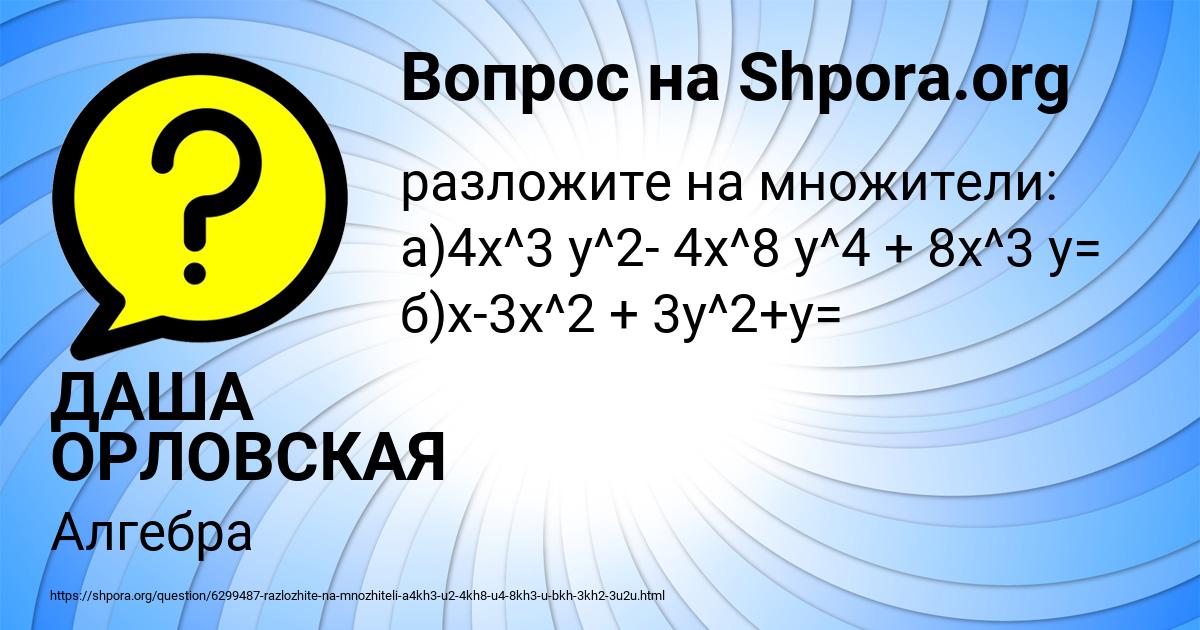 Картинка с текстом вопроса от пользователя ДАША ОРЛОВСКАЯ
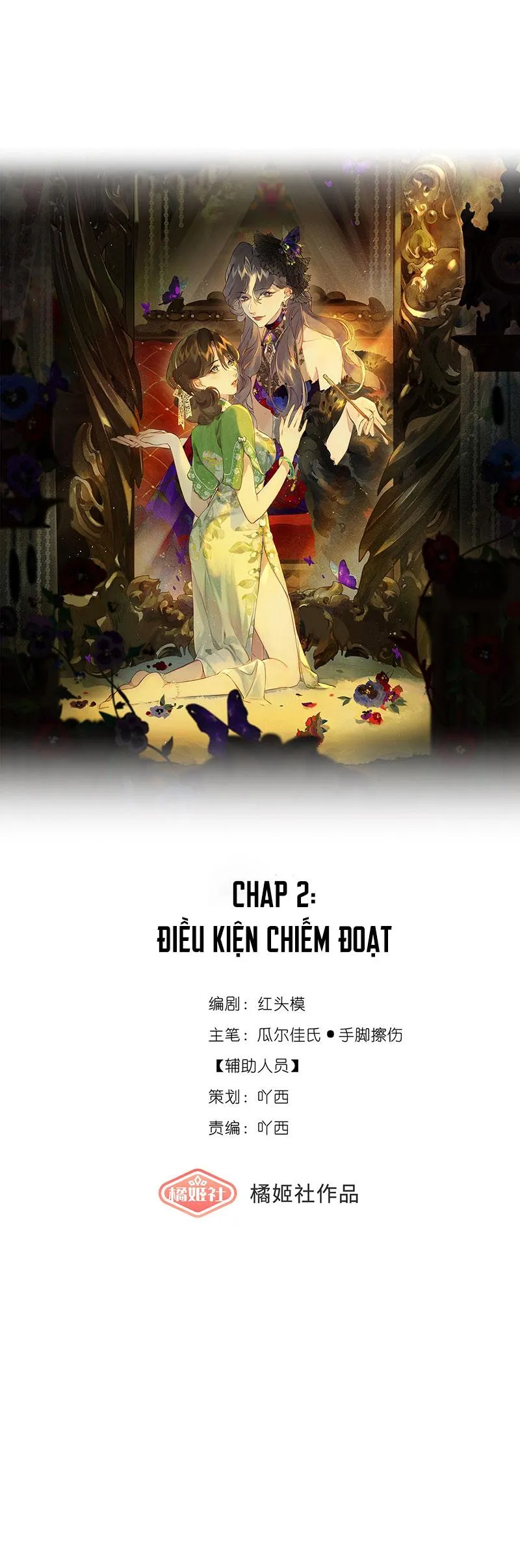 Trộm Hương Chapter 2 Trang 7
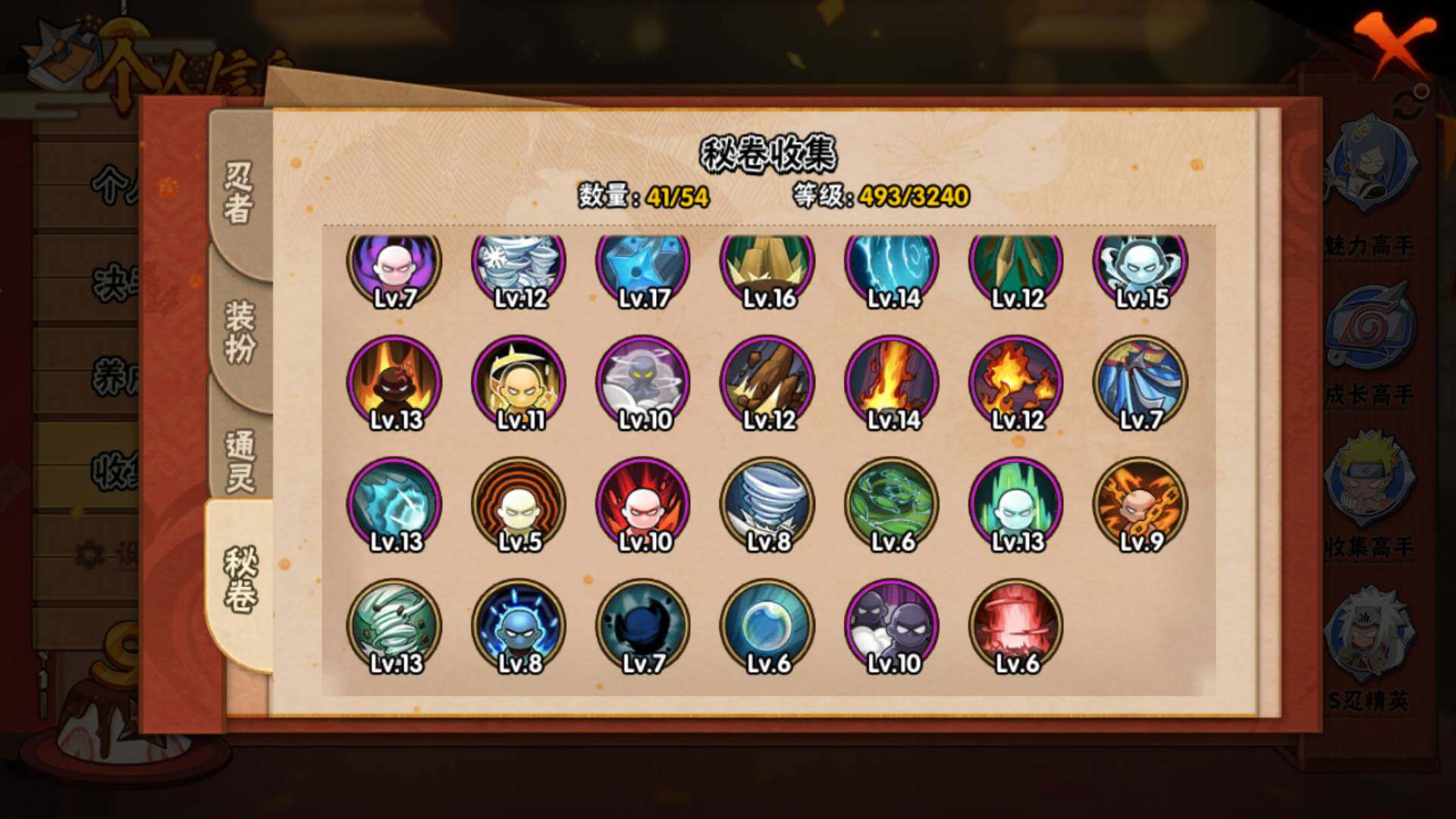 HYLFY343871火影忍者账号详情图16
==*==
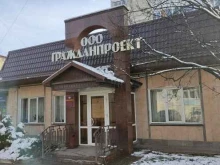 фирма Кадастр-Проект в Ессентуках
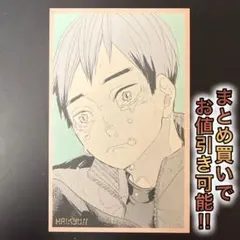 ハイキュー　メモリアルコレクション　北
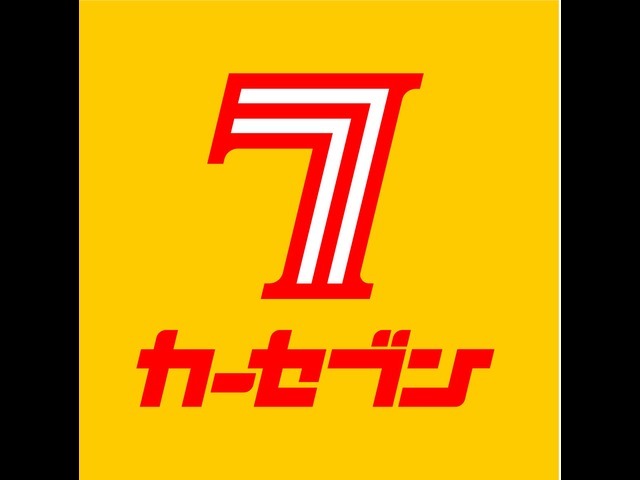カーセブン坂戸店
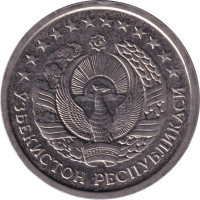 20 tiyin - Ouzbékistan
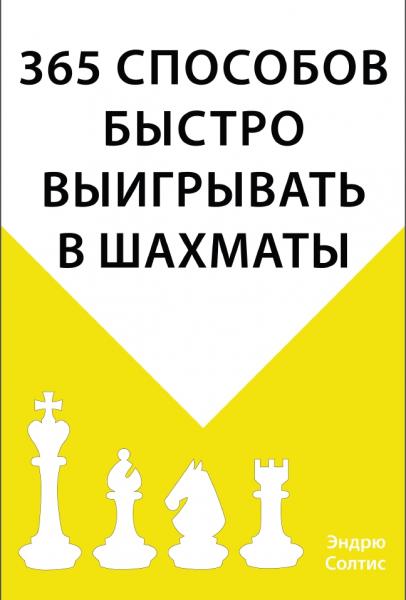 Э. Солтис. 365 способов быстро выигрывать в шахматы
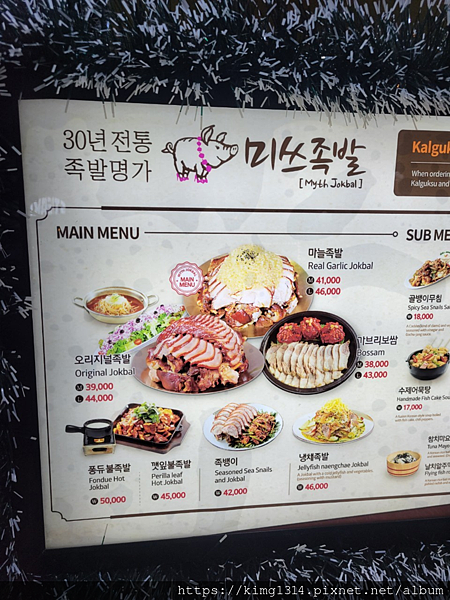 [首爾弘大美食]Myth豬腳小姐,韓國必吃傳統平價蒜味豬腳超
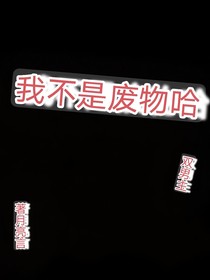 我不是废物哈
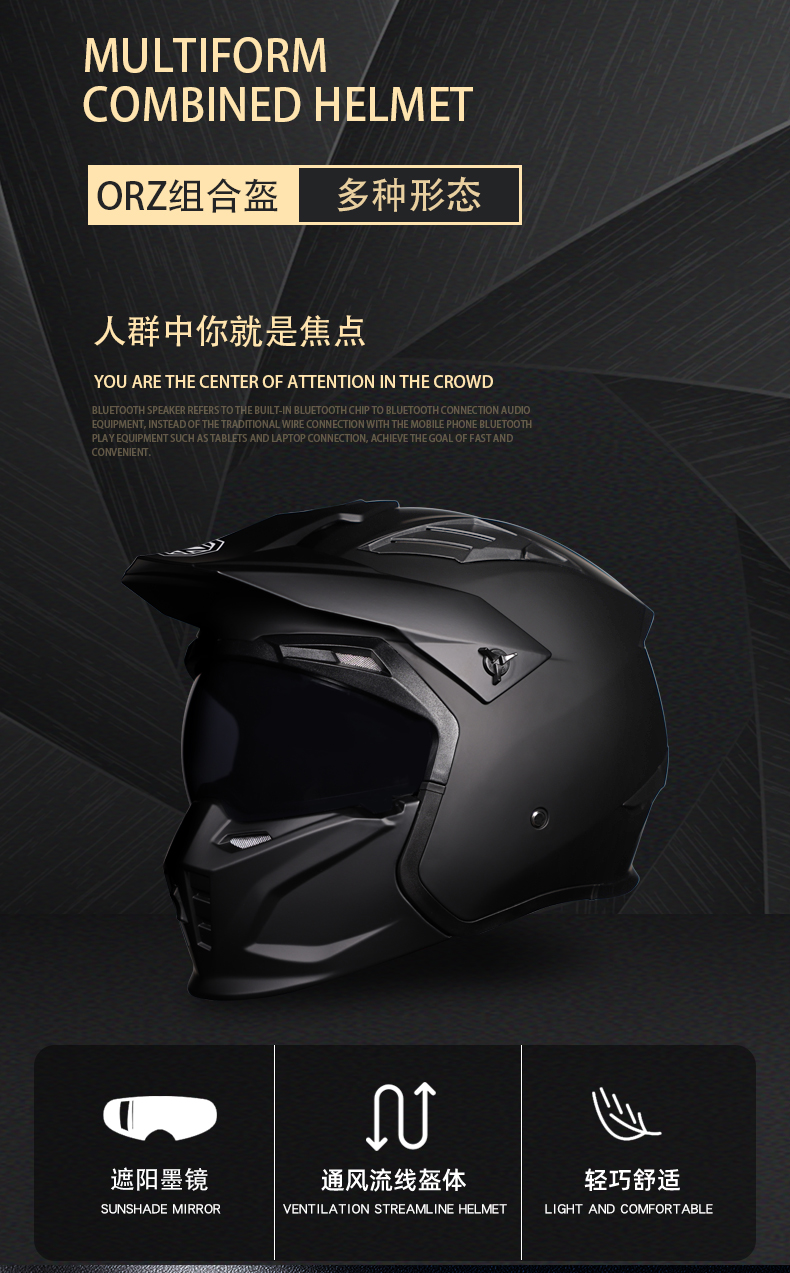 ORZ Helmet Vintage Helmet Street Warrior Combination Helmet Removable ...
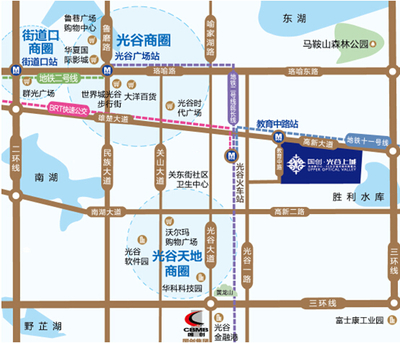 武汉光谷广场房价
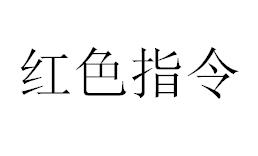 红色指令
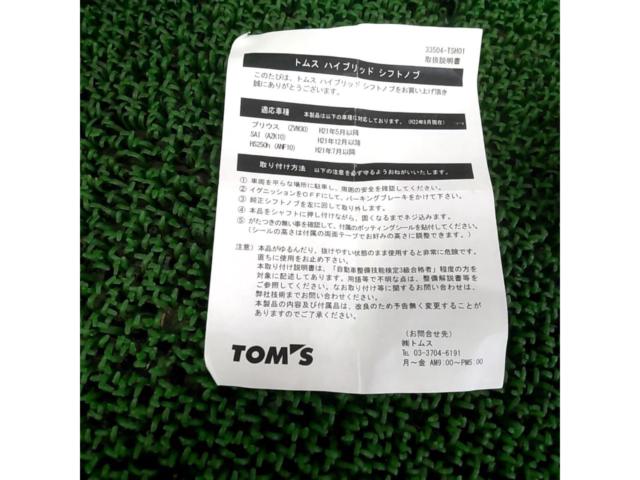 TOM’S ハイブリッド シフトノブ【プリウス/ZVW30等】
==*==
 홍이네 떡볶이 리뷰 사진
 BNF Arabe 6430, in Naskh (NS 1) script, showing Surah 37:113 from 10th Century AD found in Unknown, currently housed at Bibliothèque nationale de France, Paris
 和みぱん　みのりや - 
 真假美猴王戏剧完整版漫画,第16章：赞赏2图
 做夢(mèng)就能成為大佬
==*==
**ASSIGNMENT:**
Restate word for word the lines of the data above, starting at the line containing "홍이네 떡볶이 리뷰 사진" and ending at the line containing "做夢(mèng)就能成為大佬", both included, and nothing more.

**RESULT:**
 홍이네 떡볶이 리뷰 사진
 BNF Arabe 6430, in Naskh (NS 1) script, showing Surah 37:113 from 10th Century AD found in Unknown, currently housed at Bibliothèque nationale de France, Paris
 和みぱん　みのりや - 
 真假美猴王戏剧完整版漫画,第16章：赞赏2图
 做夢(mèng)就能成為大佬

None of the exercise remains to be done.